Why healthy lifestyle for caregivers

woman in gray and black sports bra
Photo by Nathan Cowley on Pexels.com

The ageing population and longer life expectancy have transferred long term for individuals and family members suffering from chronic health problems or disabilities to home settings.
Whether caring for a disabled child, an elderly parent or chronically ill spouse, the physical, emotional and financial burden can be enormous.

The absence of extended caregiver relief programs and benefits has taken its toll on Canada’s informal health care providers. This has happened, despite some short-term compassionate care benefits for eligible workers who are caring for a gravely ill or dying family member

Statistics Canada estimates that there are over 2.8 million Canadians providing care to people with long-term health problems.  Families represent the largest group of community caregivers for those with serious and persistent illness.

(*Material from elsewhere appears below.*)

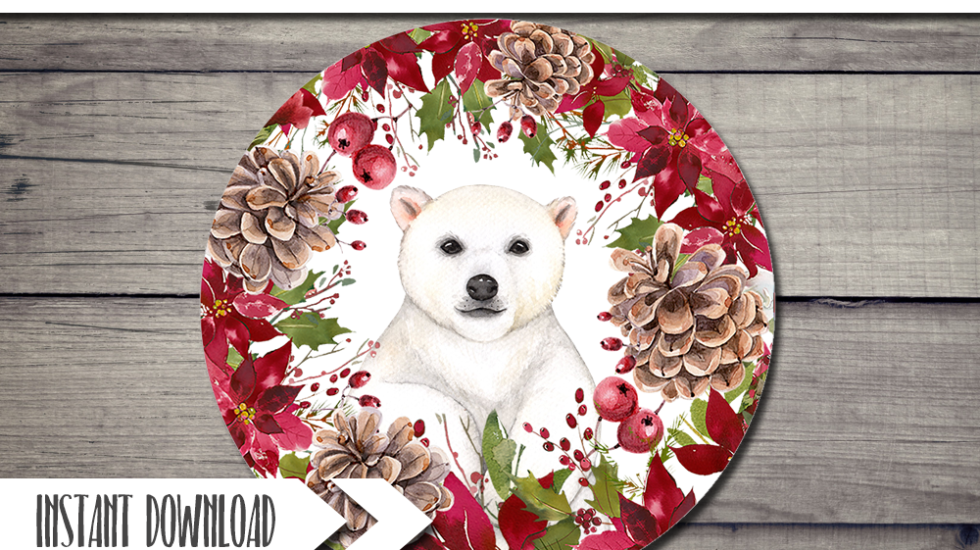 Christmas Mason Jar Labels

  • According to a Health Canada study conducted in 2002, caregivers are most likely to feel stressed in terms of their emotional health, with close to eight in ten reporting that caregiving has resulted in significant (29%) or some (48%) emotional difficulties for themselves
  • Over 75% of informal caregivers are women, mostly wives and daughters. Many belong to the growing “sandwich generation”, caring for young families at the same time as they care for elderly infirm parents.
  • Due to the enormity and complexity of the task, caregivers of older people have higher than average rates of clinical depression.

Health Care Trends

A current trend in health care policies is to shift the provision of care services from institutional to community-based settings. This is translating into an increased requirement for individuals to care for family members in the home who have chronic health problems or disabilities.
Family members caring for those with serious and persistent mental illness tend to find themselves becoming a nurse/ counsellor/advocate/crisis worker/home-care and income provider all rolled into one.
I am included in the overworked multitasked care provider when my terminally ill mother was sent home to die. She was diagnosed with advanced spinal cancer which left her paralyzed from the waist down. Even after her death, the family recalls with stunning clarity the trauma of end-of-life care for my dying Mom. The challenges range from assisting with medications; grooming and personal hygiene; urinary and bowel elimination; nutrition and fluids; skin care and prevention of wounds; infection prevention.; musculoskeletal disorders that affect free movement and other issues of spirituality.

I later received training as a personal support worker and wished I knew then what I know now, about caring for the elderly, and disabled. There are lots of information available but often the families of elders needing care are not aware of the various new products and service to promote healthy living and healthy lifestyle that helps both the caregiver and those in care.

I have been wanting to share some of what I have learnt to help you, women like myself on whom much of the responsibility of giving care. I want to share some of the popularly products used in top long-term care facilities that are available to caregivers. Products that will uplift the physical environment in terms of the smell, appearance and feel of the home. Many of these products are affordable and accessible.

There are support groups, videos, talk shows, product reviews, book reviews and tips and guidelines on nutrition, diet, exercise and communicating with those in our care.

I write from the perspective of a caregiver, working in a long-term care facility in Canada. Some important issues of the elderly are the more familiar hearing and vision disorders. There are dementia, disorientation, delirium.  Speech and language disorders;  It is important to note that care facilities are not confined to issues of the aged. There are residents in care in the 30s, 40s and 50s who are in care due to head and body injuries sustained in accidents. A few may suffer from the early onset of mental disorders as dementia and depression for example.